The court noted that its decision almost certainly deprives the children of any chance of collecting “substantial sums” from their father, John C. Calhoun, who has filed for bankruptcy.
“Nonetheless, we feel constrained to reach this result by application of disciplined and proper appellate analysis,” Judge Glenn T. Harrell Jr. wrote.
Gladys Calhoun fell to her death in 1992 after her husband kicked the ladder out from under her while she was cleaning the gutter of their Marriottsville home, according to court documents. Calhoun pleaded guilty in 1993 to voluntary manslaughter and was sentenced to five years in prison.
In 1994, the children’s guardian filed a wrongful death suit against Calhoun on their behalf and a jury awarded the children $2.36 million.
The guardian, James Eagan, then sought to collect the full verdict from Nationwide, which had insured Calhoun for $300,000 in personal liability protection.
But a Howard Circuit judge rejected that claim and a three- judge panel of the appeals court agreed Wednesday, saying Nationwide’s policy with Calhoun specifically excluded payouts to people related to, or living with, the insured.
The children, both minors at the time of their mother’s death, lived with their parents in the 2500 block of Thompson Drive.
The children’s attorney, Gary S. Peklo, had argued that “resident-relative” clause should be ignored because the policy is ambiguous.
“Nowhere on the first page (of the policy) is there any mention or warning about possible exclusions,” he wrote. “In this case it is imperative that one keeps in mind that Mr. and Mrs. Calhoun … were never learned appellate judges and were never seasoned insurance defense counsel.”
But the appeals court was not convinced.
“A reasonably prudent person would understand the `resident relative’ exclusion to exclude the claims of a `resident relative,'” Harrell wrote.
He noted that Maryland does not follow the rule of some jurisdictions of interpreting insurance policies “most strongly” against the company.
The court also rebuffed Peklo’s argument that the “resident relative” exclusion violated “public policy” because the events that led to Mrs. Calhoun’s death did not involve any collusion among members of the family.
Peklo said he would be “very surprised” if he did not appeal the decision to the Court of Appeals.
He also said he will continue to seek the full $2.36 million from Nationwide, even though Calhoun’s policy only offered $300,000 of coverage.

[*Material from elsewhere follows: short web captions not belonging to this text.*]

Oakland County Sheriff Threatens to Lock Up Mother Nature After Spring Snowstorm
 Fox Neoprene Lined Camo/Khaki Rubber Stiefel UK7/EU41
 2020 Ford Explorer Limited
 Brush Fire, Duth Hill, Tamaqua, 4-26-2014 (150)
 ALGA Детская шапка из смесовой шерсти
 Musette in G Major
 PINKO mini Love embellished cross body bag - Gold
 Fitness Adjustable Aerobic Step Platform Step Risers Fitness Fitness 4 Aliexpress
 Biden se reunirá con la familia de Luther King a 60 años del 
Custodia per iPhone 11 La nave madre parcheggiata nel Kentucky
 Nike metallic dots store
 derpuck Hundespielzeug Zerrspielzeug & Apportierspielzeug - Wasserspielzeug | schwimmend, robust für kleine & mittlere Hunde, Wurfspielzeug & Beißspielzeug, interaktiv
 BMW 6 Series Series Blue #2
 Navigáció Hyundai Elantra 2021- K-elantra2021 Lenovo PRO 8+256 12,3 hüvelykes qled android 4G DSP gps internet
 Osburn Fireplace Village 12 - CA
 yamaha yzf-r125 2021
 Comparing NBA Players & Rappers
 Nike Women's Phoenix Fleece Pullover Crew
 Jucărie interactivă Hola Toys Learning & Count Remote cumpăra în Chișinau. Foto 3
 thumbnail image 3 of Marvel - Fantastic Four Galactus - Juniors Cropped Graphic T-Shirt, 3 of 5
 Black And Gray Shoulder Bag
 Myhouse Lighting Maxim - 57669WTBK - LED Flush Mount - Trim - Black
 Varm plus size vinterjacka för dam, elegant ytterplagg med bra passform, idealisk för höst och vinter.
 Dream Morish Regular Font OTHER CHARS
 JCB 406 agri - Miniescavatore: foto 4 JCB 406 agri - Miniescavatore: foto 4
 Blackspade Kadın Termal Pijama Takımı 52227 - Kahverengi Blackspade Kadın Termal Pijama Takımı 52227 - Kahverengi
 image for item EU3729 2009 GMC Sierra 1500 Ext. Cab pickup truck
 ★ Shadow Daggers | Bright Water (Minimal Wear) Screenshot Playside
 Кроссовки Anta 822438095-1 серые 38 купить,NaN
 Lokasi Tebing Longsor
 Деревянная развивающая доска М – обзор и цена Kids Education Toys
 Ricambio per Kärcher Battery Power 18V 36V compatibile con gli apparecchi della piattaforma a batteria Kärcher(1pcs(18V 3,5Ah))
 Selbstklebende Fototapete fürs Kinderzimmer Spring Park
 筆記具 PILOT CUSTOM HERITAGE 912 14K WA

He based his argument on Nationwide’s refusal to enter into any settlement discussions.
“My argument is to go back and say, `OK, the Court of Appeals has said you should have been at the settlement table,'” he said. “Now you have to pay the consequences. It’s an interesting argument. I don’t know if it would fly.”
An attorney for Nationwide could not be reached to comment on the case Wednesday.